For the most part the music is grouped by composer and generally speaking the chosen pieces complement and contrast effectively. So, for example, the reflective, rather conventional setting of the Ave verum corpus by Elgar is an excellent foil to the much grander canvass that is Give unto the Lord. Both pieces are given first rate performances that conclusively show that Christopher Robinson left the choir in fine fettle when he retired.

No such compilation would be complete without music by Herbert Howells and some of his very finest compositions are included here. The St Paul’s canticles are probably the best of the settings that he made, demonstrating his exceptional sensitivity to words and his unique harmonic palette. These canticles are very well done by Robinson and his choir, as is the masterly motet, Take him, earth, for cherishing.

The two Finzi items are just as successful. Welcome Sweet and Sacred Feast is a wholly characteristic, subtle offering while God is gone up is much more extrovert, as befits its subject matter. This latter piece is, for me, one of the highlights of the collection. Another is Walton’s exquisite little anthem, Set me as a seal upon thine heart. Here we find yet another effective contrast for the main offering by Walton is his absolutely splendid Coronation Te Deum, given here in a most effective arrangement for organ accompaniment which manages to convey the full panoply of Walton’s inspiration.

John Tavener is represented by a simple, directly devotional setting of the Lord’s Prayer as well as by the ubiquitous The Lamb and Song for Athene. Far less familiar to the general public is the music of Kenneth Leighton. He is particularly well served here by a setting of the evening canticles dedicated to Bernard Rose. The Magnificat is distinguished by some vigorous choral writing and a demanding organ part. It culminates in an ebullient ‘Gloria’. By contrast, there’s a gentle ecstasy at the opening of the Nunc Dimittis but the setting expands to an affirmative conclusion with a splendidly sonorous organ part.

Lennox Berkeley also receives proper attention in extracts from a CD released to mark his centenary. The deceptively straightforward (but, in reality, very demanding) The Lord is my Shepherd is a delight as is the Richard Crawshaw setting, Look up, Sweet Babe.

In truth, the standard of the music on this pair of discs is consistently high and so is the standard of the performances. Christopher Robinson’s tenure at St. John’s (1991-2003) was the culmination of a long career as one of this country’s most distinguished choral conductors. His fastidious attention to tonal blend and diction and his dedication to the music he performed are self-evident in everything the choir sings here. It’s a pity that the various organ scholars aren’t credited for all play splendidly.

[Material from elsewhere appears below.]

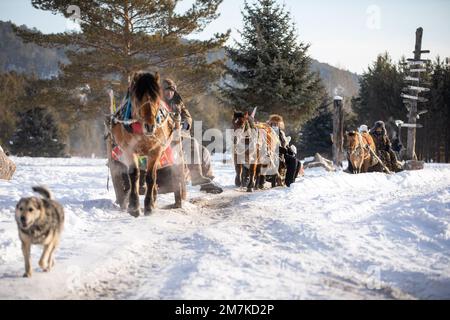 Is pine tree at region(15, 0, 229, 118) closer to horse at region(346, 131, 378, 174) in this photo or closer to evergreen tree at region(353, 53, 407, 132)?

Presumably, this compilation marks the end of the Naxos – St. John’s collaboration, at least in terms of the involvement of Christopher Robinson. This is a good time, then, to pay tribute to Andrew Walton, the producer of all the CDs (except the Lepage-Dean solo album which was produced and engineered by John Rutter.) Walton was ably supported by Eleanor Thompson who engineered all the recordings, except the Walton and Tavener collections, which were the work of Tony Faulkner. I’ve heard the whole series and can attest to the excellence of the productions. To my ears (though I know not everyone holds this view) the recorded sound throughout the series has been very good indeed. The booklet notes have been first class as well. So far as I’ve been able to check the notes accompanying this set are a usefully condensed version of the original notes. Full texts are supplied.

This collection is an ideal introduction to the full series of recordings from which they are taken. It is also a fine tribute to the excellent work of Christopher Robinson. We can only hope that Naxos will soon be recording this fine choir again under Robinson’s distinguished successor, David Hill.

I recommend this excellent and enjoyable collection with great enthusiasm.